The expected result is the full listing, retyped exactly, without a single picture.

[[ Supplied data, beginning ]]

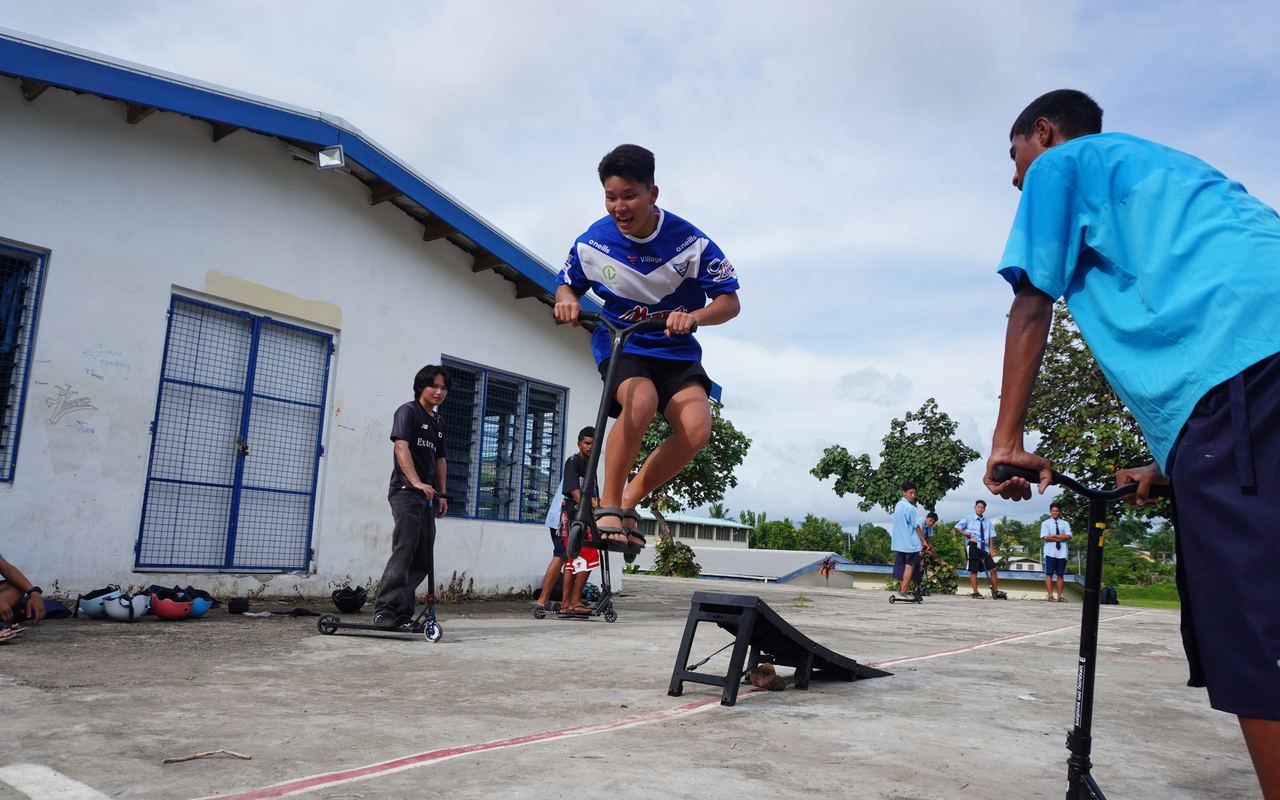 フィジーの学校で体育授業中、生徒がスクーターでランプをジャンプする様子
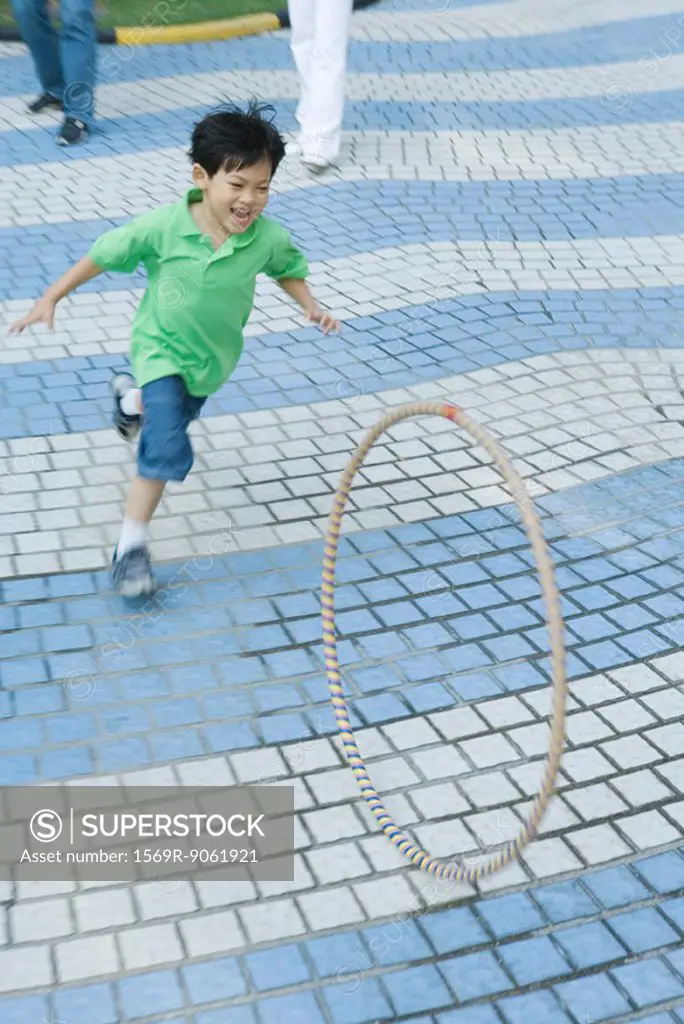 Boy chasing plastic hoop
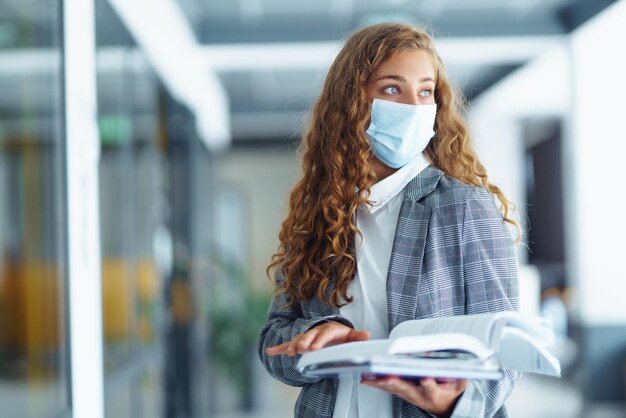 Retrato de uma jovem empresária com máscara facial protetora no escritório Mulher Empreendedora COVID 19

[[ Supplied data, end ]]

→ Result
 フィジーの学校で体育授業中、生徒がスクーターでランプをジャンプする様子
 Boy chasing plastic hoop
 Retrato de uma jovem empresária com máscara facial protetora no escritório Mulher Empreendedora COVID 19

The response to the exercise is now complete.